Stratmann continued to refine and improve on that program and it became the basic tool for the music on The Way, Way Back. “It has multiple pages — a page for spotting notes, an orchestration page, a picture version and notes page — and allowed for specific changes to appear on every page,” Simonsen relates. “It tightened up the process by encapsulating everything Erich and I needed. Everybody down the line could see in real time what was happening and what needed to be done at any given time.”
The concept of the score and most of the songs were set by the time Stratmann joined the team, but he also became heavily involved in song replacement. Spending most of his time with Faxon, Rush, Reigel and Cohen, the music editor viewed another part of his job as facilitating communication between the composer and the picture department.
“Rob is extremely talented at creating a novel voice — infusing his musical creations with individuality via his melodies and instrumentation,” Stratmann offers. “I translated to him the producers’ and directors’ notes for cue changes. By the same token, Nat and Jim and the producers made their decisions based on input from Tatiana, Rob and me.”
Simonsen and Stratmann had one full spotting session to discuss every piece of music with the producers, directors and editor, and that served as a blueprint all the way through to the final mix. As work progressed, questions continually arose about how to use the music in a scene, and Stratmann would demonstrate how each choice or suggestion worked and sounded. “I made the possibilities concrete so that formal decisions could be made,” he says.
“I trust Erich’s editing,” Simonsen adds. “He’s fast and musical with a good sense of scoring and emotions for the score. We have similar tastes and thoughts about things.” Of the roughly hour’s worth of music in the 103-minute film, about a third is original score and two-thirds are songs — either played over montage sequences or heard as source music or as an actor singing lyrics to himself in a scene.
Simonsen prepared the stems and tracks of the score at his Frozen Light Studio in Hollywood for the final dub, as well as for a soundtrack CD to be released by Columbia Records. Then Stratmann and re-recording mixer Patrick Cyccone, Jr. took the material into the final sound mix where the music editor, acting as the composer’s representative, responded to last-minute changes.
Crucial to delivering the score on the picture’s tight, low-budget schedule was the friendship among the collaborators and their belief in the film. “It was a project dear to our hearts,” says Cohen. “And we’re all very fond of each other.”
The Lone Ranger
If the two music editors on The Way, Way Back passed the baton of responsibility from the temp to the final score like members of a relay team, the four music editors on The Lone Ranger might be seen as a double tag team. On the show from pre-production to finish was one pair of music editors, Kenneth Karman and Peter Oso Snell, working out of editing rooms at Sony Studios. When composer Hans Zimmer started on the project, he brought with him his own crew, including music editors Bob Badami and Katie Greathouse, and worked from his Remote Control Productions facility in Santa Monica.
Following the usual schedule for a major, big-budget project, Karman and Snell began prepping the show well over a year ago during pre-production.
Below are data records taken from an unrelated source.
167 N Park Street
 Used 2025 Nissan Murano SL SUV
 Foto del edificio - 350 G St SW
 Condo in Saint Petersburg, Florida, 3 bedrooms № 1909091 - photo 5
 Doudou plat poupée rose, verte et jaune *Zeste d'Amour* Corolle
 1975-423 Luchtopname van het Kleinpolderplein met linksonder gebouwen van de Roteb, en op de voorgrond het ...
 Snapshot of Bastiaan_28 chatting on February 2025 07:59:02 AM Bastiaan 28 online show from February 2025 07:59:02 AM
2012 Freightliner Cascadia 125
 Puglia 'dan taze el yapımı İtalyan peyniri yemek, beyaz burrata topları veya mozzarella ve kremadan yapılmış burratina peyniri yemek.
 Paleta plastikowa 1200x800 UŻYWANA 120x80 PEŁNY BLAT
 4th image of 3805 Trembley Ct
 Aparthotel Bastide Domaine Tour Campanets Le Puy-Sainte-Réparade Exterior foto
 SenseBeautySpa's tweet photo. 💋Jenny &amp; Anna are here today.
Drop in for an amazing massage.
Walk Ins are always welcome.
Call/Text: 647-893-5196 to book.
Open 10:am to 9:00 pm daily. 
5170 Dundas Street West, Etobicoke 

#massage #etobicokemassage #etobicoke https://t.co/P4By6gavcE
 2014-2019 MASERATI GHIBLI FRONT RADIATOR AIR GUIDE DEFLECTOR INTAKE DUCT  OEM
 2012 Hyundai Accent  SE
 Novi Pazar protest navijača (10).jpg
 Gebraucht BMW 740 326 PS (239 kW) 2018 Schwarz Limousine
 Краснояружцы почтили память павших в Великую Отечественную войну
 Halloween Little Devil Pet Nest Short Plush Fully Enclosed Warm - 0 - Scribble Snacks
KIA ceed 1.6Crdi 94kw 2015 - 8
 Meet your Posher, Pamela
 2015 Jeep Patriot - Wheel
Working from the script, they edited together suites of music and soundscapes to give director Verbinski a general overview of possible music for the temp score. They used various existing sources for period folk music, sweeping Western-style music and small rhythmic cues.
In November of last year, they came on full-time to start temping their cues to what had already been shot, meeting regularly with the director and picture editors James Haygood, A.C.E., and Craig Wood, A.C.E. Except for Haygood, they had all worked together on the animated feature Rango (2011). The music editors at Sony also prepared the source material that required playback on the set while filming (a piano playing in a saloon, a calliope for a carnival scene, etc.), some of which had been recorded for the temp score.
Noting the director’s hands-on approach to the music, even at the temping stage, Karman says, “Gore is very passionate about music. The challenge in creating the temp score for this film was to strike a balance that paid homage to the genre while still making it clear that this was not your grandfather’s Long Ranger. The interweaving of drama and comedy was also particularly tricky.”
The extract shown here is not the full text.